À l’heure où l’intelligence artificielle s’impose dans la production publicitaire, souvent au prix de polémiques esthétiques et éthiques, Intermarché réussit un tour de force inattendu. Son film de Noël, Le Loup mal-aimé, diffusé début décembre, s’est imposé comme un phénomène viral international, cumulant plus de vingt millions de vues en quelques jours sur les réseaux sociaux. Une performance qui dépasse largement le simple succès de marque et interroge profondément les choix créatifs actuels dans la publicité.
Le film met en scène un loup solitaire qui, pour être accepté par les autres animaux de la forêt, se met à cuisiner des légumes et à partager un repas de fête. Le récit, volontairement simple et universel, est porté par la chanson Le mal-aiméde Claude François. Mais derrière cette apparente douceur se cache une stratégie beaucoup plus structurée : celle du storytelling émotionnel, pilier historique de la communication d’Intermarché, déjà à l’œuvre dans les sagas L’amour, l’amour ou Les fruits et légumes moches.

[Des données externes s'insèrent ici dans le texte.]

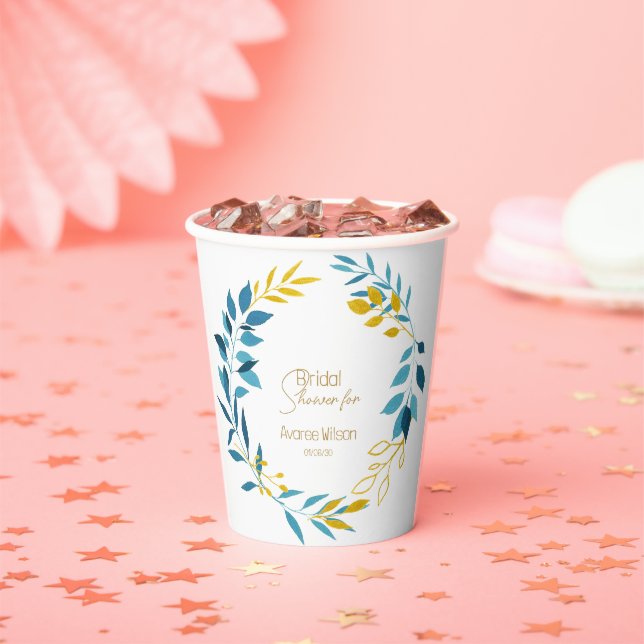 Gobelets En Papier Plaques en papier bleu turquoise et or floral (Insitu)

La particularité de ce spot réside dans son mode de production. Réalisé par le studio français Illogic Studios, avec l’agence Romance, le film est entièrement animé en 3D selon des méthodes traditionnelles. Pas d’images générées automatiquement, pas de promesses technologiques tapageuses : le studio revendique un travail artisanal, humain, mobilisant près d’une centaine de personnes pendant un an. Dans un contexte où l’IA générative inquiète de nombreux artistes, ce choix devient un message en soi.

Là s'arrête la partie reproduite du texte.